* Task instructions
Pick each line containing the word "Schwarz" out of the data below.
===== Data provided =====
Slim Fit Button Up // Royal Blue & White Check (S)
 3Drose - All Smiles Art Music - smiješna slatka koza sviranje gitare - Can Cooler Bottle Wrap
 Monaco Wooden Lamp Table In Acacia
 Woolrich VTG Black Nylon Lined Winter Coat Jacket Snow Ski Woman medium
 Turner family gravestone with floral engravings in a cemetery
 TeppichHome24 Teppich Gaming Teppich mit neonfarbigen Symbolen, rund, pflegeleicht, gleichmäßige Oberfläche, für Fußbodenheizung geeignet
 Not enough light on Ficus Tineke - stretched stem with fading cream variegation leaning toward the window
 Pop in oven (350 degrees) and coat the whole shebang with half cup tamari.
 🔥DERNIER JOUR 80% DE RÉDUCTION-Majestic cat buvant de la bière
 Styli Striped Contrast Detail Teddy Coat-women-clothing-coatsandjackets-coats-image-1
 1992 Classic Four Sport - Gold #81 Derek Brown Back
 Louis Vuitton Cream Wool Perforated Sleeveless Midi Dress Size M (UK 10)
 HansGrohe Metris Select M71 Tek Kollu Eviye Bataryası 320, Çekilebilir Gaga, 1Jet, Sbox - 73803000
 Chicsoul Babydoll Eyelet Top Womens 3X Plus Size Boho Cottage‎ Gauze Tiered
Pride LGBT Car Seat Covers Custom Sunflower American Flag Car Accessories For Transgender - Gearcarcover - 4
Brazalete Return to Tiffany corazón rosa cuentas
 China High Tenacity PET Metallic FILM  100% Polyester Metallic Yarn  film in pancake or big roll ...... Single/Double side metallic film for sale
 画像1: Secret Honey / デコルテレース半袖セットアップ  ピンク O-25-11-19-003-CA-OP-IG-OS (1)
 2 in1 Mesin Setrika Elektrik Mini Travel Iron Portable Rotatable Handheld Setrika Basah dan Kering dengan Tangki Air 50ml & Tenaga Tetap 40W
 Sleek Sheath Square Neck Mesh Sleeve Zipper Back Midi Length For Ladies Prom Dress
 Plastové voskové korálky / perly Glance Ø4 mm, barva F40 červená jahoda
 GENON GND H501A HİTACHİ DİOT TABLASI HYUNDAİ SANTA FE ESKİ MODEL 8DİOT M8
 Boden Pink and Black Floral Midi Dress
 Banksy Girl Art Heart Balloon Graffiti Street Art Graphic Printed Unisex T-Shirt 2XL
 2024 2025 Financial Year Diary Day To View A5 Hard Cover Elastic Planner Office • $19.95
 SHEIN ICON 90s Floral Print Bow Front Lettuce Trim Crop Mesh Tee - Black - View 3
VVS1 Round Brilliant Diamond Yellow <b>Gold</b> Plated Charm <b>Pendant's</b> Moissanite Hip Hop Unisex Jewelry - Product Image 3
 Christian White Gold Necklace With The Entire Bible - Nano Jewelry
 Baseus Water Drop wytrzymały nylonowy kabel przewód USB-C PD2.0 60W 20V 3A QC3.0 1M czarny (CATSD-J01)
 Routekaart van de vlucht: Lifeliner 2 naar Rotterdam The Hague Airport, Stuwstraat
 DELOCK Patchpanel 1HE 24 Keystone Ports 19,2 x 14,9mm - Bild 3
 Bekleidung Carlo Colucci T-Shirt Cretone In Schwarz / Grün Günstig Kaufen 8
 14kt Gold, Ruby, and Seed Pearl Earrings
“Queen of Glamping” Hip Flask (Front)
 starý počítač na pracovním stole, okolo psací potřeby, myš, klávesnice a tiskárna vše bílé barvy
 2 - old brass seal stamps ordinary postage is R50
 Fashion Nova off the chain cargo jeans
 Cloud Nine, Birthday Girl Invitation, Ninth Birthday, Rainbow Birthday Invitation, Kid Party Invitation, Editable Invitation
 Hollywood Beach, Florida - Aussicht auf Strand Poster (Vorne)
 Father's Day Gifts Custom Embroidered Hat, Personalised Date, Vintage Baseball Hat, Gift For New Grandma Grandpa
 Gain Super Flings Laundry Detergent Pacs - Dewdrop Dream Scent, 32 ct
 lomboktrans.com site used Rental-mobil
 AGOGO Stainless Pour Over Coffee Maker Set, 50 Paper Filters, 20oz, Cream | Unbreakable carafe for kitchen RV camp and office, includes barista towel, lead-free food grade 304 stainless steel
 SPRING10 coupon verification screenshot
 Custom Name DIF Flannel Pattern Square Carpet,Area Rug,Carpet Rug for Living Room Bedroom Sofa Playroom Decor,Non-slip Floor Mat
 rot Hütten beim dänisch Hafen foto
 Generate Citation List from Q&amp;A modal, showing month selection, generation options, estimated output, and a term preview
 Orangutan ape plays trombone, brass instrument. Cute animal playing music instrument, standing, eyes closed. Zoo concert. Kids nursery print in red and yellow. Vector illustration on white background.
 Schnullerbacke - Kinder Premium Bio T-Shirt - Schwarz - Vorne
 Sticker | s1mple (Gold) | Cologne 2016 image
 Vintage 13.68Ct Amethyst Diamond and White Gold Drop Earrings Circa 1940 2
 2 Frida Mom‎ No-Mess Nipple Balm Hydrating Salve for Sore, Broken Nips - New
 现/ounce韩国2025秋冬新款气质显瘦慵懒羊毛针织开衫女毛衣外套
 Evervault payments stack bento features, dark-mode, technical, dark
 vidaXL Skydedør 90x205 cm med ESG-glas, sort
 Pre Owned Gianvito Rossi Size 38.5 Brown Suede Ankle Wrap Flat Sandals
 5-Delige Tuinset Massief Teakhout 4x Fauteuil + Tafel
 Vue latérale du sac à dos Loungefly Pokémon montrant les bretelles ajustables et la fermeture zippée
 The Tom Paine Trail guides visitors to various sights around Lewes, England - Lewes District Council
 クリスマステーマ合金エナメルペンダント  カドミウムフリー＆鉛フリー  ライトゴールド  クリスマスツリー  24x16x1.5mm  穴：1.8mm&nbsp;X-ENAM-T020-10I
=====
* Exercise answer
 Bekleidung Carlo Colucci T-Shirt Cretone In Schwarz / Grün Günstig Kaufen 8
 Schnullerbacke - Kinder Premium Bio T-Shirt - Schwarz - Vorne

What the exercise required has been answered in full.